By ICC’s India Correspondent
08/29/2017 Washington, D.C. (International Christian Concern) – “This is an answer to prayer and my heart is filled with gratitude to God and to Christians everywhere,” Pastor Hate Singh Gundiya told International Christian Concern (ICC) last week as six Christian prisoners in India’s Madhya Pradesh State were granted bail by the Indore High Court. Although this news brought great relief to Christians of the Jhabua region, many still fear further outbreaks of intolerance led by Hindu hardline groups seeking to put pressure on Christians.
The trouble began on May 21 when nine Christians, accompanying 70 children, were arrested in Ratlam by railway police after being falsely accused of attempting to forcefully convert the children they were traveling with to a children’s camp in Nagpur. The children were taken to a government child protection center for two days and then sent to their respective homes. The nine Christian adults were booked under charges of child abduction, human trafficking, and forced conversion under the state’s draconian anti-conversion law. These charges were accepted by police despite affidavits filed by the parents of children attesting that they are both Christians and that the children were traveling with the nine Christians with their consent.
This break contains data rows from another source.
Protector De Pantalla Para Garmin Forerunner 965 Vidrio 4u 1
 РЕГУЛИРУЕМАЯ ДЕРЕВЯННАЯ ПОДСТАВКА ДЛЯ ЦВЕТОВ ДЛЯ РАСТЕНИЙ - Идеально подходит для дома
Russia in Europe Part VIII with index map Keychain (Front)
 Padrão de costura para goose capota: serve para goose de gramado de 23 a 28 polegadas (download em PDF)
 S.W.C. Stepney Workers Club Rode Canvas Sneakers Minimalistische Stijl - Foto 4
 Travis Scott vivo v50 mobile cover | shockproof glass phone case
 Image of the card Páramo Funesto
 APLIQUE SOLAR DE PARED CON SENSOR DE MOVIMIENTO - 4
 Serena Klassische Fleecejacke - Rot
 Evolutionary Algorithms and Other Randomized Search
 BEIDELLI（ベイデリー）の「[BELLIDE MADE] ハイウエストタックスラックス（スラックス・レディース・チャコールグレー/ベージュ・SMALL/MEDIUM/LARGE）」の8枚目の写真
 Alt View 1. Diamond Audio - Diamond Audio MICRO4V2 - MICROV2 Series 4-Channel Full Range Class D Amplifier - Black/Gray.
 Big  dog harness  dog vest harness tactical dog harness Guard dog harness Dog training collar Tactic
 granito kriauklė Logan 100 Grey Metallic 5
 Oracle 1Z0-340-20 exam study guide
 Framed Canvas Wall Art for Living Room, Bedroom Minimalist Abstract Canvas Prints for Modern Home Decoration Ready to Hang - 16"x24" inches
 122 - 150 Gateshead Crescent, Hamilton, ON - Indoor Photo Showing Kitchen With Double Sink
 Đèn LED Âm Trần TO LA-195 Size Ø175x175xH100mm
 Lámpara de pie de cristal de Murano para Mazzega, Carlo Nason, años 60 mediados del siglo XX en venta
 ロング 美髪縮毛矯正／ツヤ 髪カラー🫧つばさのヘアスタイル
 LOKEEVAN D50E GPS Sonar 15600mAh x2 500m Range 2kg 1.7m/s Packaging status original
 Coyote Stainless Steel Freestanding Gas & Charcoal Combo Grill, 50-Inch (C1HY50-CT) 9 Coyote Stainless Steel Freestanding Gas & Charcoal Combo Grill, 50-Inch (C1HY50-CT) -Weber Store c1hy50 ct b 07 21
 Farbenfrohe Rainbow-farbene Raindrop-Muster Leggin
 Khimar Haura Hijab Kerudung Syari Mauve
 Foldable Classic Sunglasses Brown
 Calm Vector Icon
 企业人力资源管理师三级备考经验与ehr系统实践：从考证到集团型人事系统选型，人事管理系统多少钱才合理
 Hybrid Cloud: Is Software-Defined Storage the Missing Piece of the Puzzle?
The Christians’ applications for bail were rejected four times in lower courts due to the influence of local Hindu radical groups. While in the lower court, three Christians were released on bail, but six remained in prison until the Indore High Court accepted the plea for bail for the remaining Christians last Thursday, August 24.
Pastor Gundiya, who has been monitoring the bail proceedings of the jailed Christians, spoke with ICC just after he received news that the Christians’ bail plea was accepted. “It’s like [a] new day dawning for Christians in Jhabua, particularly for those families whose husbands spent more than three months of rigorous punishment in the jail just because they were going to attend a Christian children’s camp.”
“Our lives have been devastated and the survival of me and my children was an everyday challenge,” Sama Babore, wife of one of the six imprisoned Christians, told ICC. “I was cornered by my own extended family for going to church and also for the present crisis of my husband’s imprisonment. I was all alone and we didn’t have sufficient food to eat during the past three months.”
“I cannot travel in the public mode of transportation as people recognize me as person who converts people into Christianity and they ridicule me [and] even abuse me,” Savita, a 24-year-old Christian, told ICC. Savita spent nearly a month in jail in Ratlam along with the others who were arrested on May 21. Although she is out on bail, she has to attend all court scheduled proceedings. This has forced Savita to travel nearly 125 miles once a week, sometimes more, to attend the case. Sharing her experience from the jail, Savita told ICC, “We did not get sufficient food in the jail and the reason they gave was that we are Christians and we do conversions.”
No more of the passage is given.